08:33 AM
Vaults for Sale
By the year 2007, several factors may contribute to a decline in cash utilization: low-cost technology, consumer adoption trends, the changing economics of cash transportation and perhaps even a regulatory push.
That's why Wells Fargo has been looking ahead at ways to lessen the impact of a potential shift from cash to electronic payments.
The decline in the use of checks has already caused the industry to incur significant write-downs on the necessary infrastructure for check processing. "Checks declined faster than we were ready to manage them," says Mitch Christensen, executive vice president of Wells Fargo Services Company, the support organization for Wells Fargo Corporation (San Francisco, $349 billion in assets). "Some of that was our own problem, because we let the rules get changed before we were really ready to manage that capacity down, so now we're doing wholesale hub shutdowns, and painfully ratcheting down that excess capacity in the check environment."

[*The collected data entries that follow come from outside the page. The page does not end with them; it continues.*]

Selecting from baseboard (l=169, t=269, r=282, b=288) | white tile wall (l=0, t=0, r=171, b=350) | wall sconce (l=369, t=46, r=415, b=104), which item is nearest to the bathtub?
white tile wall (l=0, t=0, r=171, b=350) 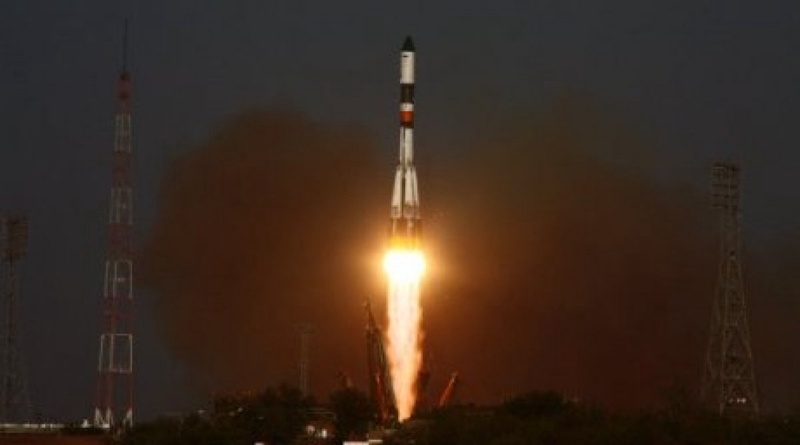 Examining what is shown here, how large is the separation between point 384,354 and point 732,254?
959 inches

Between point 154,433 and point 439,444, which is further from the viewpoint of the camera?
point 154,433

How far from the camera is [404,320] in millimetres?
138375

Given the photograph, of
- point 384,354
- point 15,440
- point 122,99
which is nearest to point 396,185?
→ point 384,354

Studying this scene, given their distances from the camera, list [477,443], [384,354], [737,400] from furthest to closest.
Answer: [384,354] < [737,400] < [477,443]

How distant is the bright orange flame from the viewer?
136500 millimetres

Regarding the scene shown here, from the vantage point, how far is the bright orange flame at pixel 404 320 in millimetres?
136500

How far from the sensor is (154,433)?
426 ft

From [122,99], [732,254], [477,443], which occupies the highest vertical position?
[122,99]

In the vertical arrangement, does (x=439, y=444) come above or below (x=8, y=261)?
below

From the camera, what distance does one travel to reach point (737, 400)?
12462 centimetres

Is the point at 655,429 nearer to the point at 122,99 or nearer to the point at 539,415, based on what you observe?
the point at 539,415

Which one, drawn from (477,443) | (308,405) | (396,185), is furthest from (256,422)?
(477,443)

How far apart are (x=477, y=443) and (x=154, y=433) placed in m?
23.0

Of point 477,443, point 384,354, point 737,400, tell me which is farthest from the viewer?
point 384,354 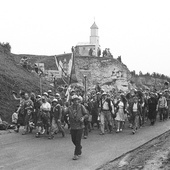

If a decline of cash indeed comes to pass, get ready for more write-offs, and even more pain. "It's one thing to close down a check hub -- you lease the building out, or sell the building to someone else," says Christensen. "But it's very difficult to get rid of a vault."
Consequently, some banks may end up with stranded costs weighing down their operations. "Whoever owns the infrastructure in a channel that's declining is going to have a challenge," says Christensen.